From Sketching People: Life Drawing Basics by Jeff Mellem
“Gesture is the first step in creating drawings from your imagination. Or maybe I should say re-creating because you are attempting to translate what you saw in a moment into a drawing that may take several minutes to develop.
“In public settings, subjects rarely stay still for very long. They are constantly gesturing or shifting their weight. If they are doing something very active like playing basketball or even just walking, they will only maintain a pose for a fraction of a second.
“Gesture allows you to quickly convey what your subject is doing. It gives a solid foundation so that when the drawing is further developed the figure maintains a fluid, orchestrated rhythm. If this foundation is weak, the final drawing will be, too.”
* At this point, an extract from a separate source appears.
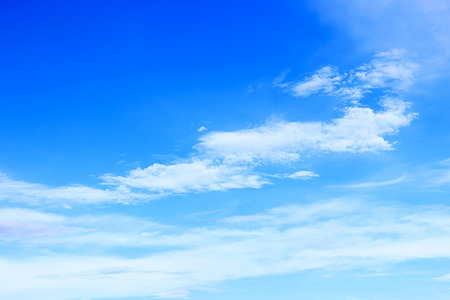 Soft white clouds against blue sky background and empty space.の写真素材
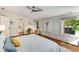 This spacious bedroom has hardwood floors, and neutral tones, with a ceiling fan at 1256 Spring Valley Ne Ln, Atlanta, GA 30306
From Sketchbook Confidential – featuring Roberto (Bob) Cardinale
“When sketching, I try to be very conscious about the feeling of the piece and what part or parts I have to exaggerate in order to get the feeling that I am after. When I sketch, I feel very open and relaxed, as I am not trying to do a finished or important drawing. It’s as if I’m just thinking about a form and not trying to create one.The sketch is free to do what it wants, and I feel no need to exert control over it.”
From Sketchbook Confidential – featuring Kate Starling
“I always make a composition sketch before I start to paint, and while this started as a discipline to eliminate false starts in painting, I’ve found that it’s a way of focusing my mind to the painting process. By sketching, I calm down and ready myself to concentrate; in a short while I can feel myself click into a different mental state.”